Instructions for the task - The entries below contain pictures. Write out only the lines from the line with "怎么做微笑唇整形手術(shù" up to and including the line with "Massive Ice Slab", exactly, without them.

Supplied records -
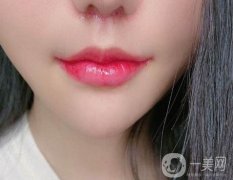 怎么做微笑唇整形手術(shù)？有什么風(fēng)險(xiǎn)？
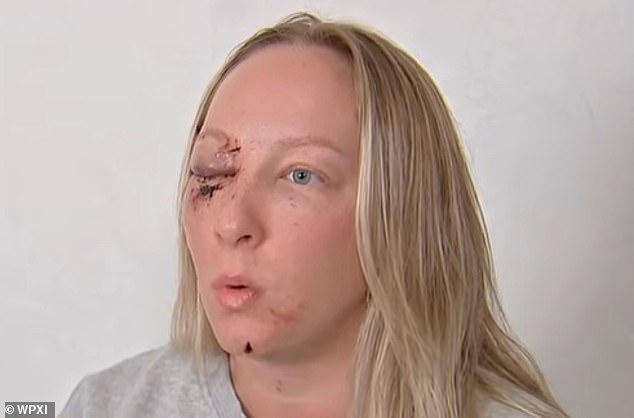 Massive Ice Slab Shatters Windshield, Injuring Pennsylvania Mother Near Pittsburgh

--

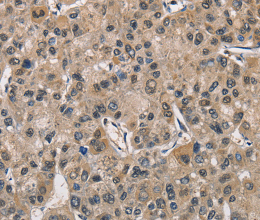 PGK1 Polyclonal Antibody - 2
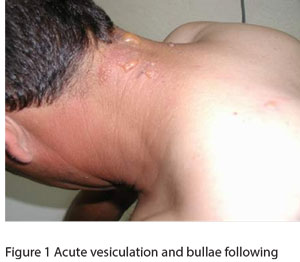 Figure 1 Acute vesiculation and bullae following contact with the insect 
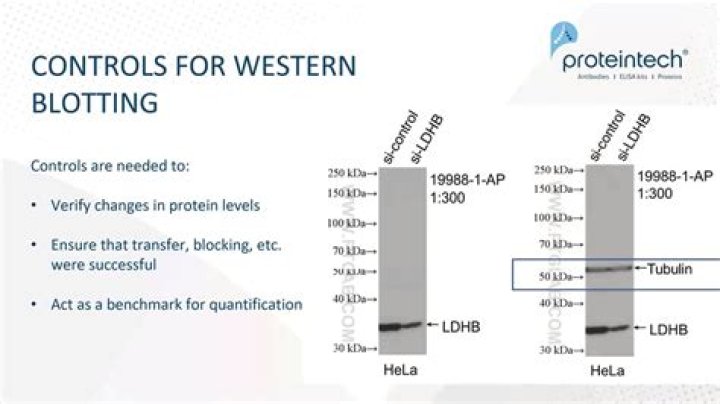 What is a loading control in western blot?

* * *

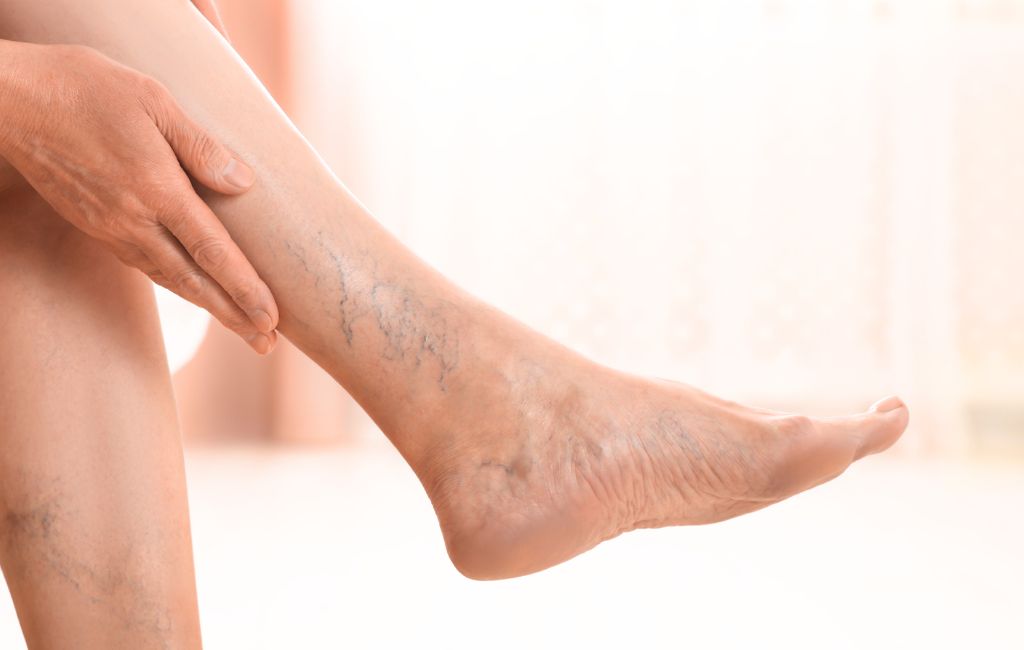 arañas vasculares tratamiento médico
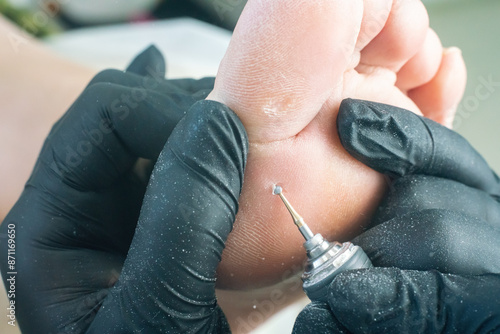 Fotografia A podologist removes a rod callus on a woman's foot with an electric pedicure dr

Output for this task -
 怎么做微笑唇整形手術(shù)？有什么風(fēng)險(xiǎn)？
 Massive Ice Slab Shatters Windshield, Injuring Pennsylvania Mother Near Pittsburgh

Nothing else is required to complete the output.